Regarding the control effort of the system, Figure 16 shows the input of the system resulting from the compensator and $H_{\infty }$ controller, along with its integral over time, revealing the superior effectiveness of the $H_{\infty }$ controller. Furthermore, the integral of the control input over time is lower in the case of $H_{\infty }$, suggesting reduced total energy consumption for stabilization. However, it is important to note that the maximum response required for control is higher with the $H_{\infty }$ controller, a fact needed to be considered when implementing the control law in a real system.

6. Discussion

This report aimed to introduce a method for stabilizing aeroelastic systems that are inherently prone to flutter, a crucial issue in aeroelasticity. The control law is obtained based on unsteady aerodynamic force matrices that are valid in the full Laplace plane for the subsonic, sonic and supersonic flows. To assess the effectiveness of the proposed controller, we used the $H_{\infty }$ norm, a standard measure of system robustness. To provide a performance baseline, we applied traditional control techniques, like pole placement and Linear Quadratic Regulator (LQR), to a three degree-of-freedom airfoil with a trailing-edge control surface.
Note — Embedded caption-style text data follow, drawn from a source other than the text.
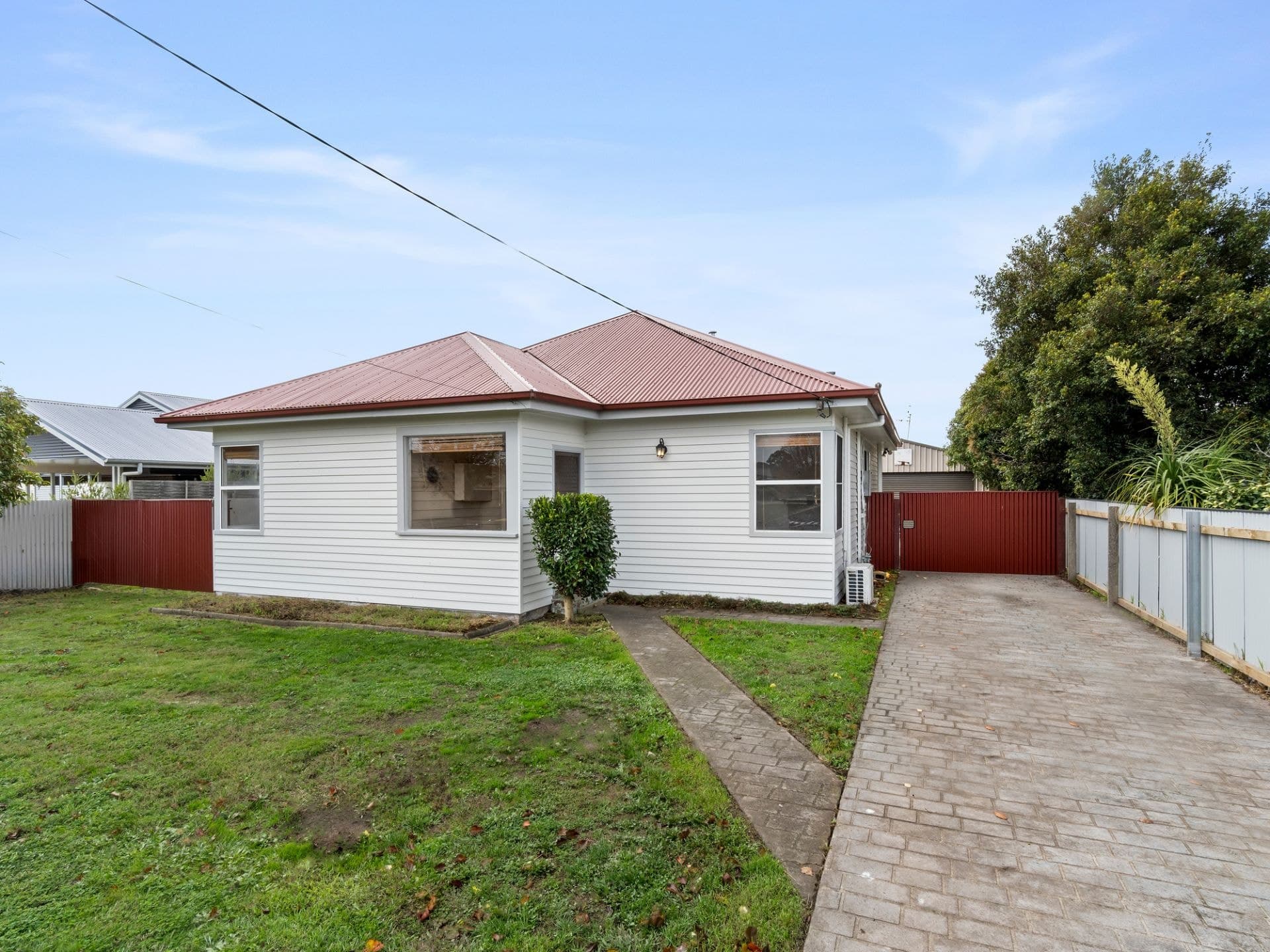 98 Church Street Colac VIC, Colac - Image 1
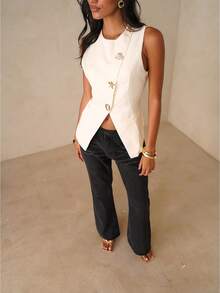 SHEIN Glamour 女士优雅金属纽扣开衩背心，适合通勤和夏季穿着 - 杏色 - 查看 1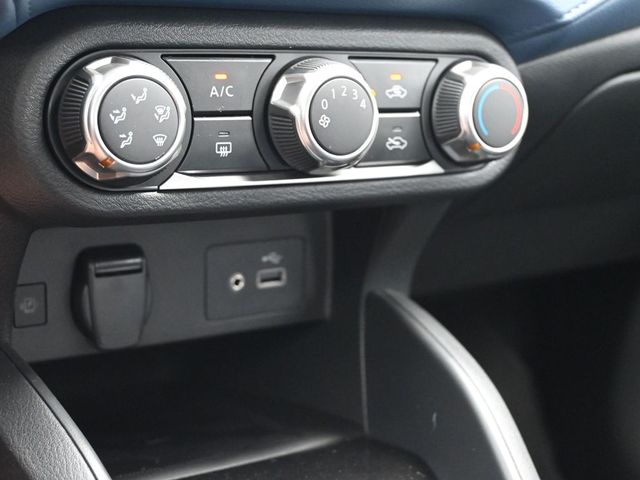 2025 Nissan Versa Sedan SV - Photo 25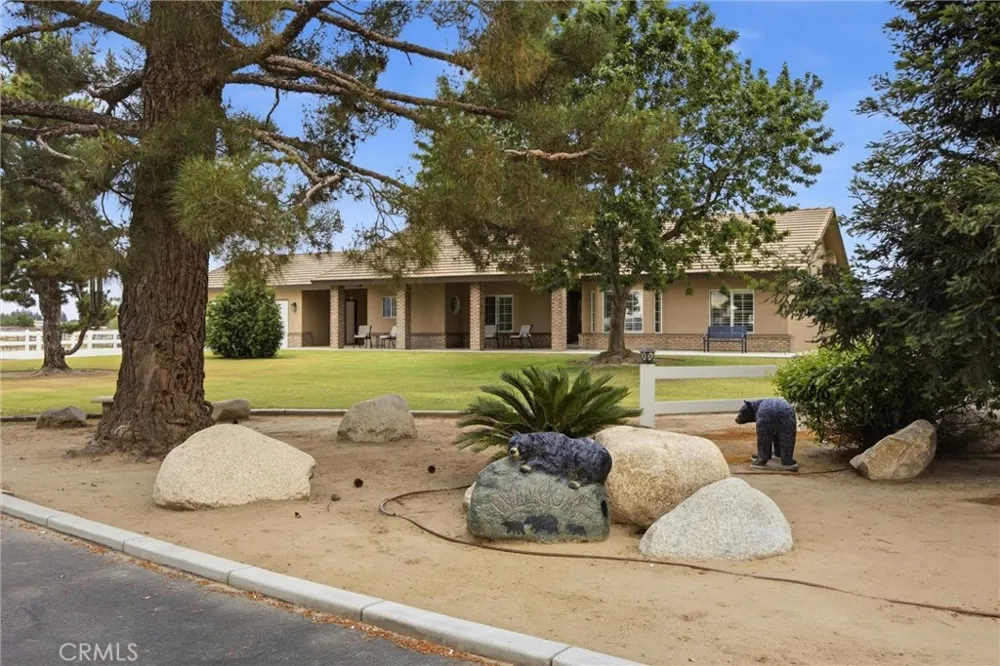 1328 Valov Lane Bakersfield, CA 93314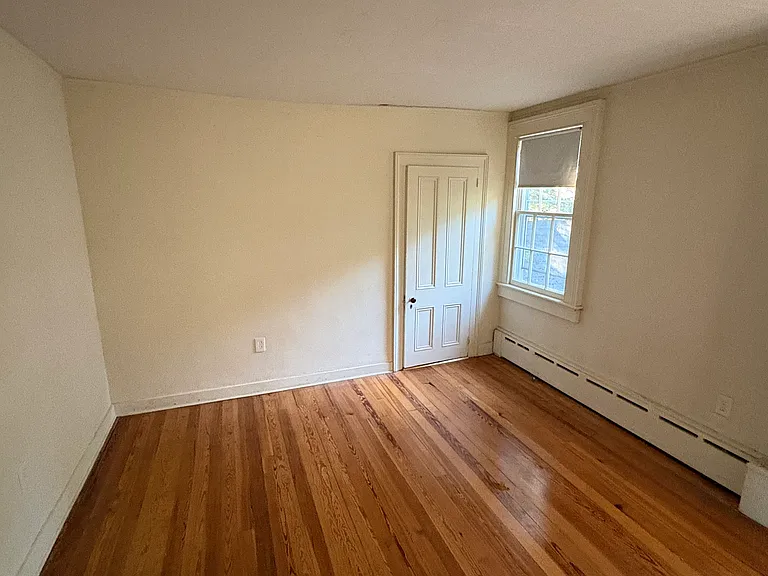185 Broadway — Photo 2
Our chosen approach involved using an $H_{\infty }$ controller, initially derived in a suboptimal closed form, which was later fine-tuned through an optimization process. We began by expressing the aeroelastic system through a linear relation with the s variable, transforming the system into a state-space representation, following a nine-matrix formulation. It is worth noting that the conventional $H_{\infty }$ method does not guarantee internal controller stability. In response, a family of strongly stabilizing controllers, achieved by applying a linear fractional transformation (LFT) to the central controller, is introduced.

The distinctive contribution of this work lies in the practical application of the control law, seamlessly integrated into the exact dynamic equations (unsteady aerodynamics fully valid in the Laplace plane) of the aeroelastic system. Although the controller originated from a state-space model, it was later transformed into a transfer function in the Laplace domain and directly incorporated into the system’s equations of motion. The p-method, a reliable analytical technique, to compute the system’s poles across the three different branches corresponding to the physical modes, was used. This extensive analysis covered both subsonic and supersonic compressible flow regimes, resulting in the successful stabilization of the system. In all cases, the $H_{\infty }$ norm outperformed the basic compensator.

Our research continues to progress, with ongoing investigations focused on extending this control methodology to aeroelastic wing systems. This represents a significant step in advancing the understanding and practical implementation of robust control strategies in the field of aeroelasticity. Currently, we are studying the application of this control system to a complete wing. Aerodynamic strip theory will be used, maintaining the theoretical basis presented here.